I doubt it, Gulby. "The Grapes of Wrath" is part of American culture, a line from "The Battle Hymn of the Republic" 
(1861, published a year later). Steinbeck borrowed the phrase for his novel.  In  both cases, the grapes of wrath are not sour, but rather a quasi-bibilical reference to God's justice. Take a look here for lyrics and history.


----------



## wildan1

Bobbum said:


> In a movie just the other night sour grapes came up, and the French subtitles said _Mauvais perdant.  _


This one gets my vote for the real nuance behind of _sour grapes_.

(I don't think any English-speaker thinks about La Fontaine when they use the expression--most of us probably have no idea where the expression comes from. So I am skeptical about the need to find an expression in French that would link to that. It certainly isn't needed if a translation from English is supposed to render what people are thinking when they say that.)


----------



## Budd

_Mauvais perdant_ sounds like "sore loser," and that's not the same as sour grapes in AE certainly. The sore loser is on the short end of a competition; the believer in sour grapes has come up short on his own: not much of a nuance there. If, as Liloia suggests, literate people might get the reference to LaFontaine, then what's the harm?  It may be an expression—how many have we rassled with here?—that is not going anywhere.  Pity.


----------



## wildan1

I don't really see a great difference between _sour grapes _and _sore loser_, now that you mention it, Budd. 

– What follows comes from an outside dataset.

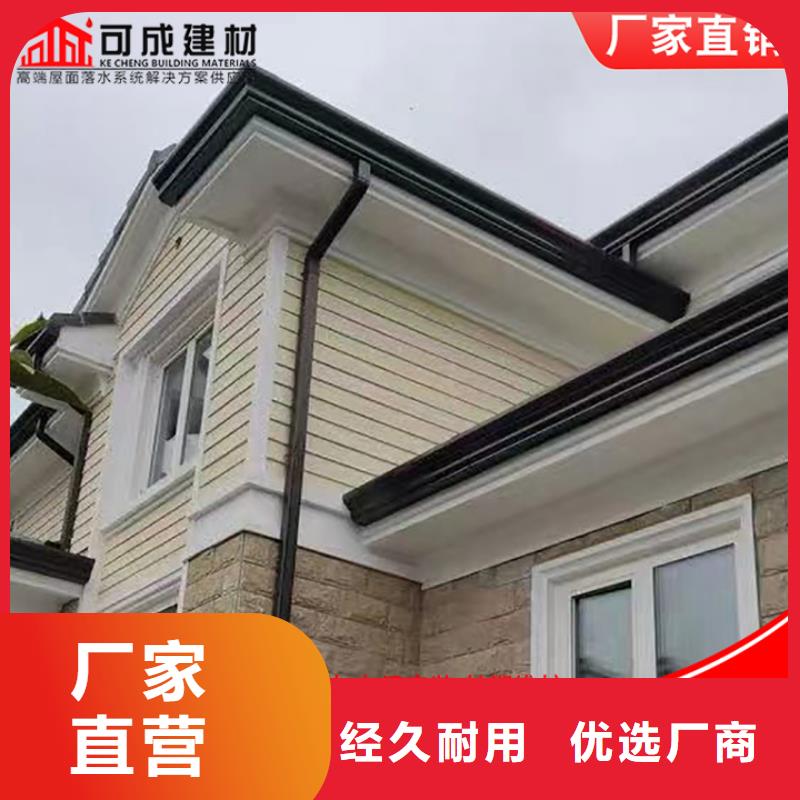 彩鋼方形雨水管實體廠家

How would you say _sour grapes_ in French, if not _mauvais perdant _?


----------



## greatbear

Coming back to "sour grapes" themselves, I don't think "mauvais perdant" would be a bad translation in certain contexts. However, if the person is all alone and unable to achieve something, which often is the case when "sour grapes" is utilised, one cannot say "mauvais perdant" because he or she hasn't really lost to anyone.


----------



## Budd

*Wildan1*, you wrote, *"How would you say sour grapes in French, if not mauvais perdant ?"*                 How indeed?  That seems to be the question fueling this very long thread, and the answer may be You don't, at least not well. You may find the distinction I made between sour grapes and sore loser too slight, but I believe it's significant: the personal failure as opposed to a loss to a competitor. For a movie sub-title (as proposed above) it's not an awful translation and, yes, it gives a rough sense, but it's a _pis-aller_, one bit of dialogue in a long stream of words.
[...]


----------



## Mistou

How about "MAUVAISE FOI"?
It literally means "bad faith" which I think suits the denial character expressed in "sour grapes".


----------